Nissan global marketing divisional general manager for brand and engagement, Juan Manuel Hoyos, was reported as saying at the time: “At Nissan, we dare to do what others don’t.” It was a fun project for the Japanese giants and they were keen to keep the vehicle on permanent display.
They wanted a one-third scale model of the concept car in the reception of their UK Design Centre in Paddington, London, and approached Ogle to create it after the Letchworth company had previously built full-size interior mock-ups of the first Qashqai and Juke models.

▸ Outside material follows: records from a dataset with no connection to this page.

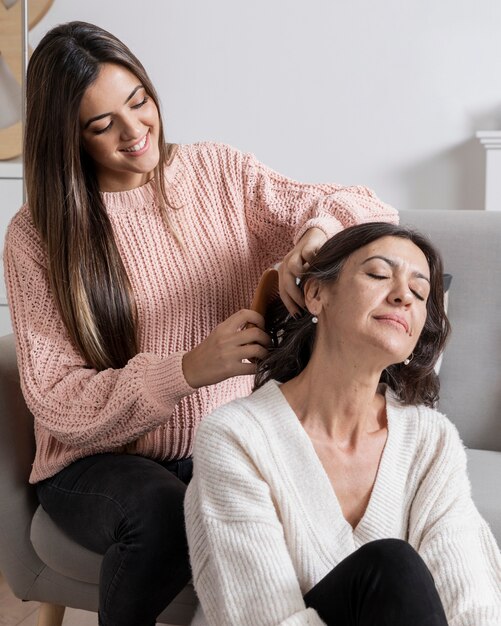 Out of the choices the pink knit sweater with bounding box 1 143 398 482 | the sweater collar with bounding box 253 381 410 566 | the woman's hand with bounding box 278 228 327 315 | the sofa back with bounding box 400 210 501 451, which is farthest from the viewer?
the sofa back with bounding box 400 210 501 451

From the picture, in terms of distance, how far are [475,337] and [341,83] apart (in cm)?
140

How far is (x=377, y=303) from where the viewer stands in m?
1.38

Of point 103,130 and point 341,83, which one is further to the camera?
point 341,83

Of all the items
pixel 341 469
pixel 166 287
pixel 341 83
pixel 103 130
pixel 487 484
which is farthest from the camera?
pixel 341 83

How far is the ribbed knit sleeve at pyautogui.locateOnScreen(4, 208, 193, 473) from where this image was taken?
60.9 inches

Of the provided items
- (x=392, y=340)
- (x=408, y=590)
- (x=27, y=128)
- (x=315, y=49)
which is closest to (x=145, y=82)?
(x=27, y=128)

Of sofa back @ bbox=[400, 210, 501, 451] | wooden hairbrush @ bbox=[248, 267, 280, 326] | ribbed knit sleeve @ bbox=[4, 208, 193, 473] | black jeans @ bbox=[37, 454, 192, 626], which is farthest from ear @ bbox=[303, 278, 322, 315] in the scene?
sofa back @ bbox=[400, 210, 501, 451]

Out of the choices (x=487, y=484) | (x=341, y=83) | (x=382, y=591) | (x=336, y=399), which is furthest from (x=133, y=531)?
(x=341, y=83)

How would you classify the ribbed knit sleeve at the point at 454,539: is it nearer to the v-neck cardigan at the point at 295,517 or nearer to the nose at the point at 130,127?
the v-neck cardigan at the point at 295,517

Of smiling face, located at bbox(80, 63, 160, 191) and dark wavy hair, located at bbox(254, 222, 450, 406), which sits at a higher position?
smiling face, located at bbox(80, 63, 160, 191)

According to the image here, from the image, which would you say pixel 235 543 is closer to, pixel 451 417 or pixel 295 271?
pixel 295 271

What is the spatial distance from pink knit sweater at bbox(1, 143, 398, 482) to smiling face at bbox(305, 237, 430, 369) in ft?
0.50

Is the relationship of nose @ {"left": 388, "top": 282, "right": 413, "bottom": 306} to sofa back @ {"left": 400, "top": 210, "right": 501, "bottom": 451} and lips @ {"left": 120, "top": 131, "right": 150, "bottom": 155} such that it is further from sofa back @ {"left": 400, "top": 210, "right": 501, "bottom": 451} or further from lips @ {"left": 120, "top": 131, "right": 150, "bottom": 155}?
sofa back @ {"left": 400, "top": 210, "right": 501, "bottom": 451}

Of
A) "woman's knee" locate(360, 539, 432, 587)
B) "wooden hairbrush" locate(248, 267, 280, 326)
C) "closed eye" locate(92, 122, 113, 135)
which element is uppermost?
"closed eye" locate(92, 122, 113, 135)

The build took almost 500 hours, including the CNC machining, 3D printing and the painting with General Manager Dave Orman leading the project. The choice of material was governed by the weight and complexity of the parts with CNC and SLA processes used. After all the parts had been created, they were assembled with allowances made for the paint using magnets and screws. The model was attached to a plinth, before the whole thing was disassembled for painting and applying graphics.
With everything complete, the car was reassembled and finally secured to the plinth.
It was quite a complex project. Because the CAD model had only A surface data, Ogle had to create the B surface which added thickness and features so something physical could be produced, ensuring that no undercuts were created, so the individual parts could all fit together like a jigsaw puzzle.
The team also had to consider whether the part was going to be CNC or SLA: The CAD for 3D printing is created as a solid model, whereas the CAD data for CNC machining can be a surface model.
Dave said: “We were extremely pleased with the finished model, which was made even more satisfying when we received such positive feedback from Nissan’s design centre.”